▶ [DESCRIPTION OF THE TASK] The exercise calls for exact output of the lines between the one that contains "Zwei- bis Dreifamilienhaus in DU-Homberg" and the end of the data, with both ends kept and pictures left out.

########################################

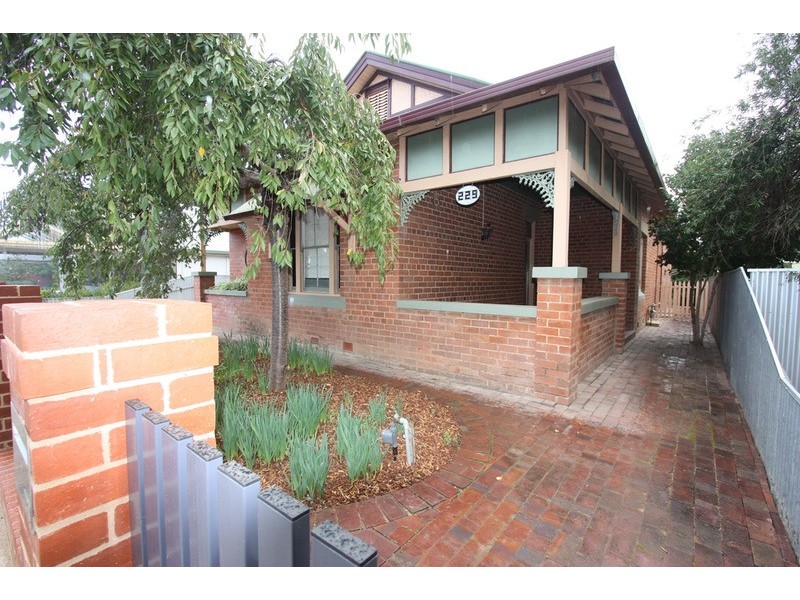 229 Kincaid Street, Wagga Wagga NSW 2650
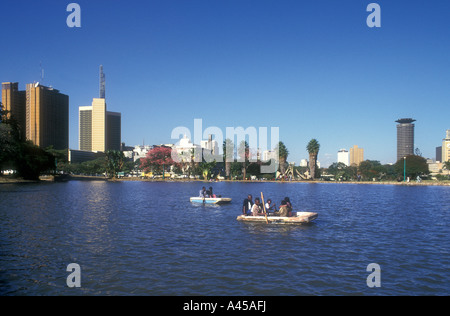 Skyline von Nairobi gesehen von der See zum Bootfahren in Uhuru Park Kenia in Ostafrika Stockfoto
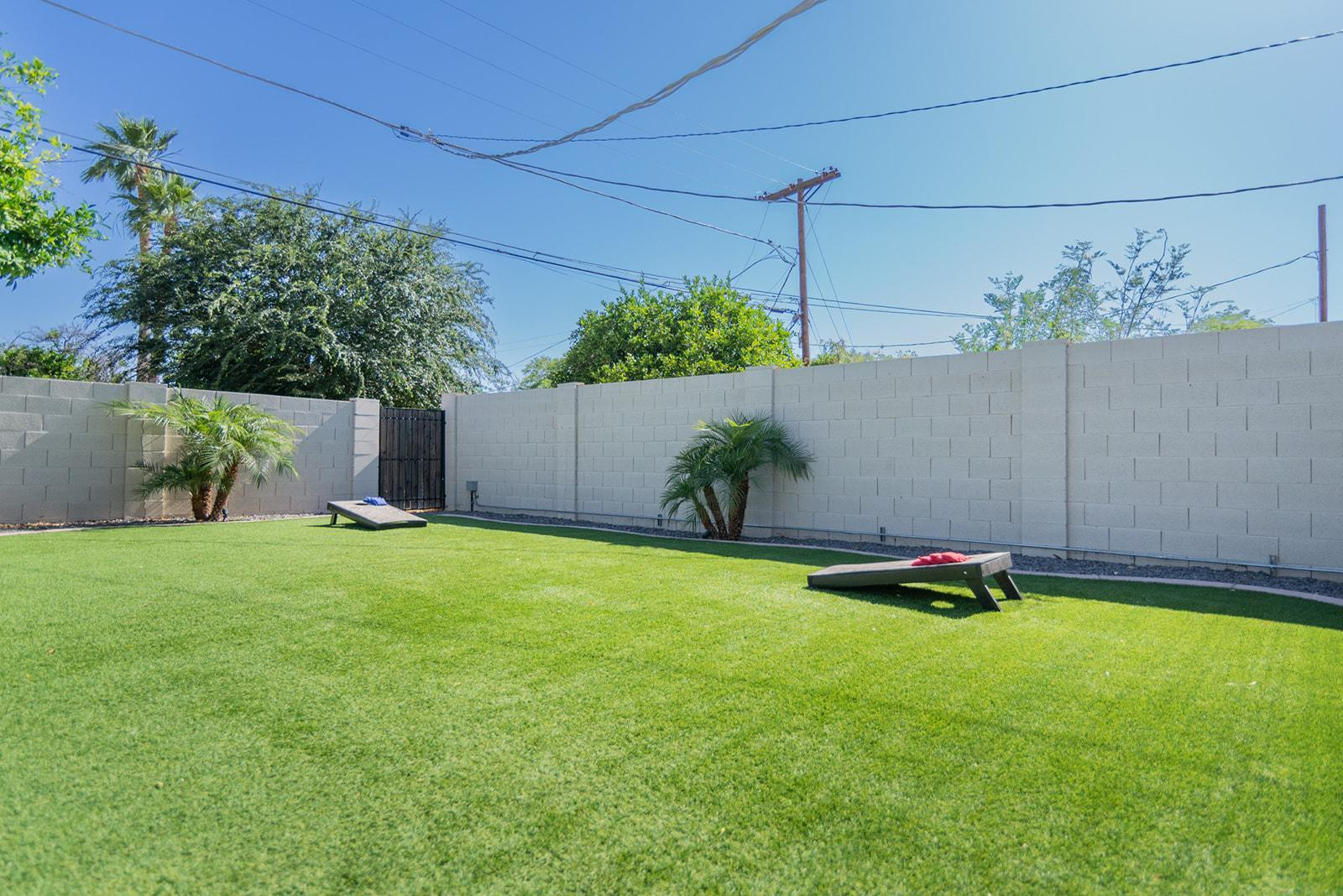 7435 E GRANADA Road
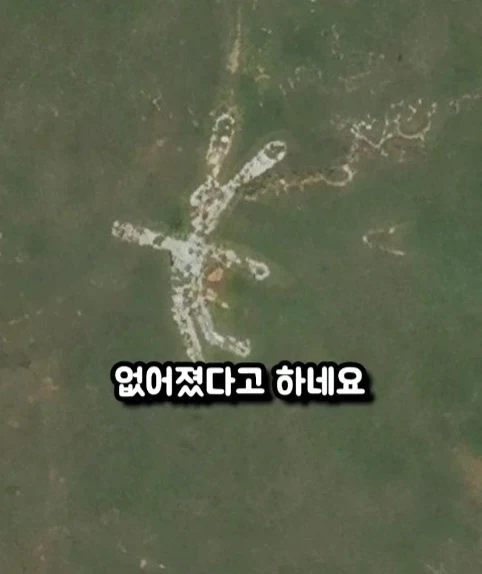 구글 어스에 찍힌 거대 인형 토끼.jpg_13.webp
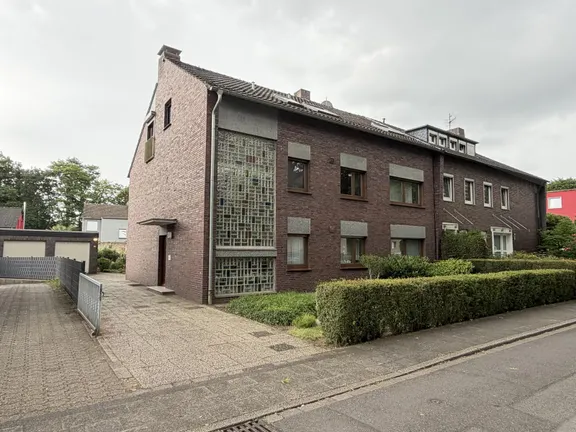 Zwei- bis Dreifamilienhaus in DU-Homberg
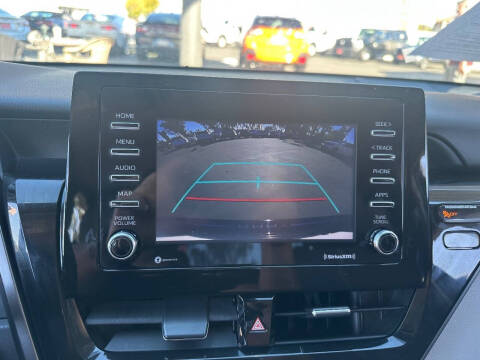 2022 Toyota Camry LE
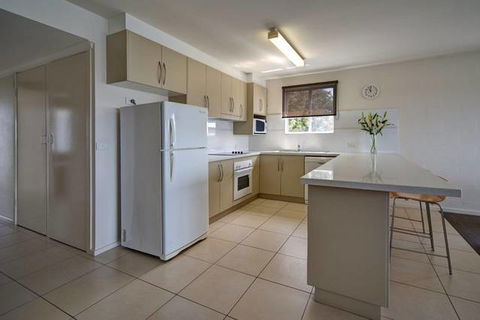 Albacore Apartments - Accommodation Brisbane 3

########################################

▶ [SOLUTION FOR THIS PROBLEM]
 Zwei- bis Dreifamilienhaus in DU-Homberg
 2022 Toyota Camry LE
 Albacore Apartments - Accommodation Brisbane 3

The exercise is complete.